Here’s the offending code:

static void *scan_port(void *a) {
  struct ScanThreadArgs *args = (struct ScanThreadArgs *)a;
  struct addrinfo *target_info = args->target_info;
  unsigned short port = args->port;
  enum PortState *destination = args->destination;
  struct sockaddr new_addr = *(target_info->ai_addr);
  struct sockaddr_in *new_addr_v4 = (struct sockaddr_in *)&new_addr;
  new_addr_v4->sin_port = htons(port);
  ...

“Aha! You’re accessing the address as if it’s always IPv4! There’s your issue!”

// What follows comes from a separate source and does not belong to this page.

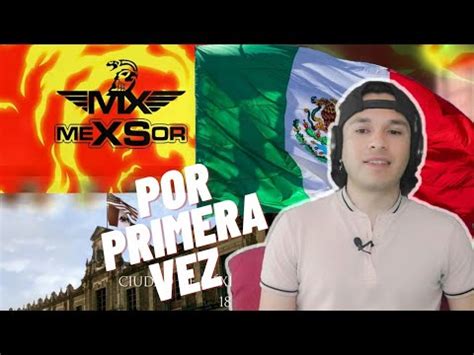 Mexsor Patria Y Sangre De Shofar Reacci N Por Primera Vez Rocoflo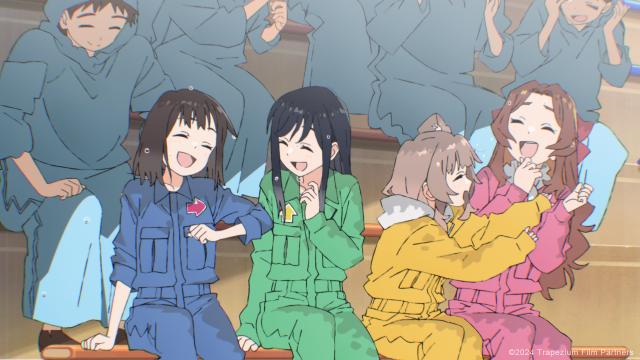 成為星星的少女劇照 4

No, that’s fine actually. You can totally do that. The memory layout lines up, so the port number is in the same location no matter which of the pointer types you access it through. The issue is with copying data from target_info->ai_addr to a sockaddr. The ai_addr struct member is, on paper, of type (struct sockaddr *). Says so right in the documentation. In reality, it points to either a struct sockaddr_in or a struct sockaddr_in6 depending on the address family. The sockaddr struct isn’t actually big enough to hold an IPv6 address. So, even though that’s the type used in the addrinfo declaration, actually using it that way will truncate IPv6 addresses. If I was passing on ai_addr directly, instead of messing with the contents to scan multiple ports without multiple hostname resolutions, I wouldn’t have even noticed this. The corrected code is arguably nicer, too:

static void *scan_port(void *a) {
  struct ScanThreadArgs *args = (struct ScanThreadArgs *)a;
  struct addrinfo *target_info = args->target_info;
  unsigned short port = args->port;
  enum PortState *destination = args->destination;

  /* Copy address to correct format, set port. */
  
  void *new_addr = NULL;
  if (target_info->ai_family == AF_INET) {
    struct sockaddr_in new_addr4;
    new_addr4 = *((struct sockaddr_in*)(target_info->ai_addr));
    new_addr4.sin_port = htons(port);
    new_addr = &new_addr4;
  }

  else {
    struct sockaddr_in6 new_addr6;
    new_addr6 = *((struct sockaddr_in6*)(target_info->ai_addr));
    new_addr6.sin6_port = htons(port);
    new_addr = &new_addr6;
  }
...

Well. That wasn’t so bad. Right, moving on! Except we’re not, because that code has a problem. When compiled without optimisation flags it works fine. Turn on the optimiser, though, and nasal demons are unleashed. Rookie mistake! Spot the difference:

static void *scan_port(void *a) {
  struct ScanThreadArgs *args = (struct ScanThreadArgs *)a;
  struct addrinfo *target_info = args->target_info;
  unsigned short port = args->port;
  enum PortState *destination = args->destination;

  /* Copy address to correct format, set port. */
  
  void *new_addr = NULL;
  struct sockaddr_in new_addr4;
  struct sockaddr_in6 new_addr6;
  if (target_info->ai_family == AF_INET) {
    new_addr4 = *(struct sockaddr_in *)(target_info->ai_addr);
    new_addr4.sin_port = htons(port);
    new_addr = &new_addr4;
  }

  else {
    new_addr6 = *(struct sockaddr_in6 *)(target_info->ai_addr);
    new_addr6.sin6_port = htons(port); new_addr = &new_addr6;
  }
...

I declared new_addr4 and new_addr6 inside a block, leaving them to go out of scope with new_addr still pointing to the address one of them occupied, thus ruining my evening. I was so convinced the problem was something much more esoteric that at one point I was combing through the assembly in a sleep-deprived haze. Turns out the problem was boring and stupid. Truly the quintessential C experience.

Let’s Get Outta Here

So, okay, that thing with the type punning was pretty bad, and admittedly it wouldn’t have happened had I been using a… No, wait, what am I saying? What am I gonna do, write Python from now on? Fat chance. I’ve learned nothing. C forever!